Ein Thema ist etwa die Schülerbeförderung. Weil behinderte Inklusionsschüler nun auch als Grundschüler eingestuft würden, müssten die Kommunen die Buskosten tragen. Als mögliche Lösung forderte er eine Kostenbeteiligung des Bezirks. „Man darf nicht alles den Kommunen auflasten“, so Kellner. MdL Annette Karl sah hier Handlungsbedarf: „Der Freistaat macht die Gesetze und überlässt den Kommunen die Kosten – so kann es nicht sein!“ Weiter bat Kellner darum zu prüfen, ob auch an Förderzentren inklusive Klassen eingerichtet werden können und nicht nur an Regel-Grundschulen. Auch hierbei sicherte die SPD-Politikerin ihre Unterstützung zu.
Hilfe bei Finanzierung
Ein weiteres Thema war die Klassengröße. Laut Rektor Uli Sommer seien sieben behinderte Kinder in einer Klasse zu viele. Fünf Kinder würden nach seiner Meinung nach ausreichen.

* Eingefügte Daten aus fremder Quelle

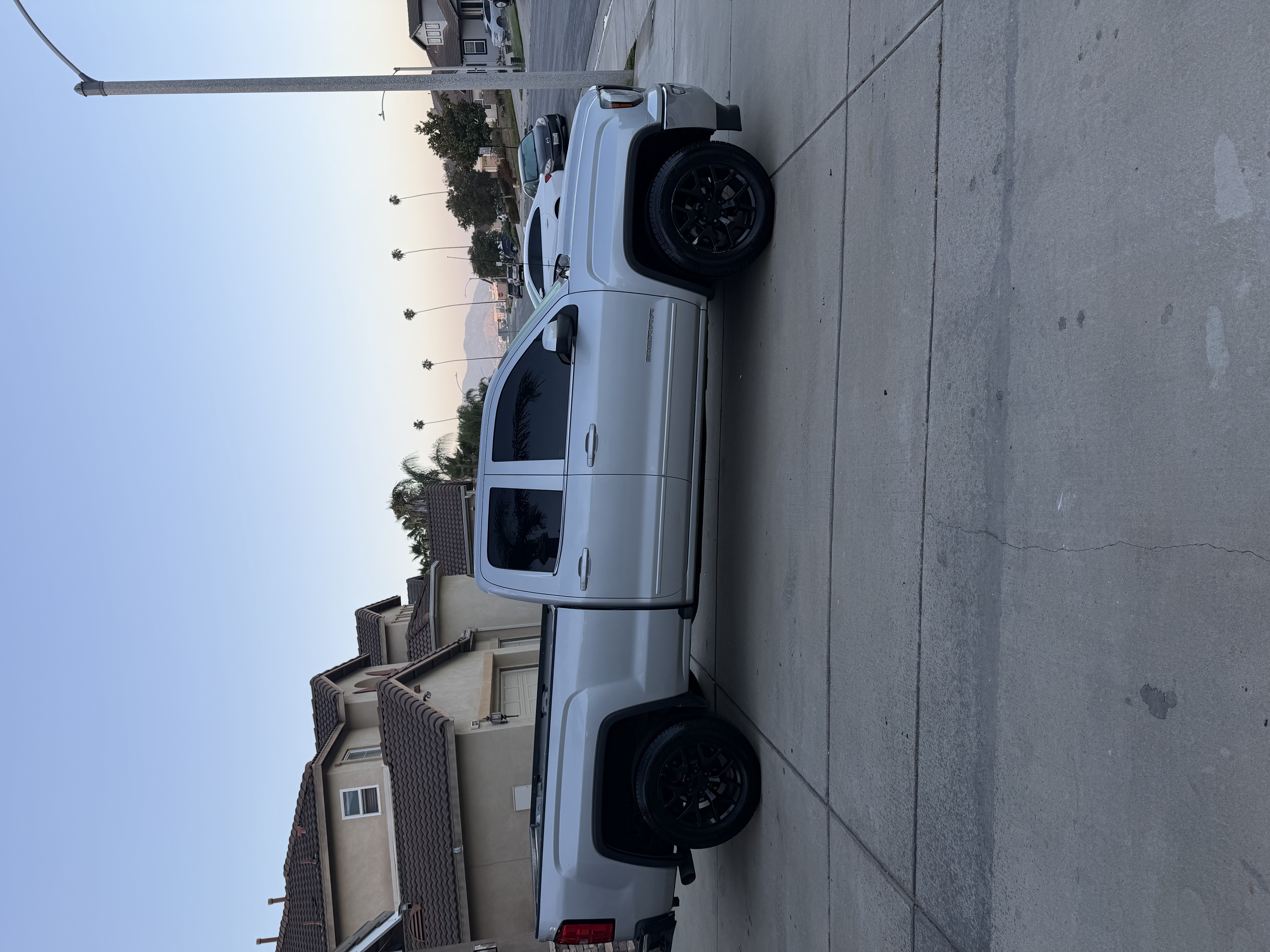 Used 2018 GMC Sierra 1500 SLE w/ SLE Value Package RWD image 8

„Da haben die Lehrer genügend zu tun.“ Weiter bat er darauf zu achten, dass die Kommunen bei der Finanzierung der Ausstattung nicht alleine gelassen werden. So müsse die Stadt Mitterteich eine Lehrwerkstatt finanzieren.

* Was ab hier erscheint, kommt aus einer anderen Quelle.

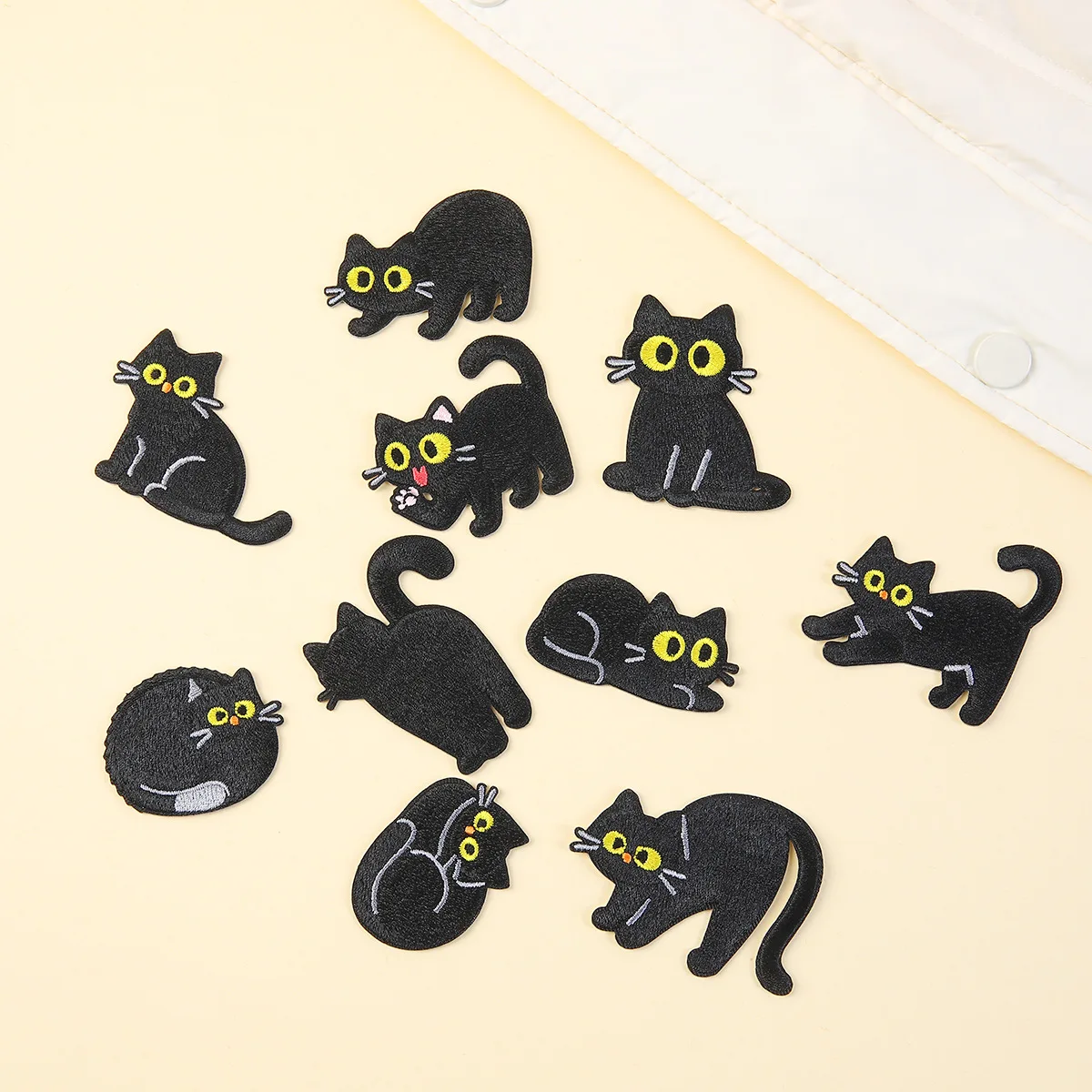 Patches Autoadesivos Gato Preto - Apliques Bordados para Reparo de Jaquetas de Pluma e Decoração DIY de Roupas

Lebenshilfe-Projektleiterin Christiane Kellner stellte dann das auf vorerst drei Jahre begrenzte Modellprojekt „Inklusive Kommune“ am Beispiel der VG Mitterteich vor. Sie dankte dabei für die finanzielle Unterstützung durch die Stadt Mitterteich, den Landkreis und den Bezirk Oberpfalz. Auf weitere Hilfe hoffe sie vonseiten der „Aktion Mensch“. Per Fragebogenaktion soll bis zum Mai 2012 geklärt werden, wie die Bürger die Inklusion vor Ort sehen. Davon erhofft sich Christiane Kellner viele neue Impulse für ihre Arbeit.

Zum Bild: SPD-Landtagsabgeordnete Annette Karl (Zweite von links) stattete jetzt der Lebenshilfe in Mitterteich einen Besuch ab und informierte sich über Sorgen und Nöte. Mit dabei waren (von rechts) stellvertretender SPD-Kreisvorsitzender Thomas Döhler, Rektor Uli Sommer, Erwin Bösl, Christiane Kellner, Lebenshilfe-Geschäftsführer Berthold Kellner (von rechts) und Michaela Fuierer (links).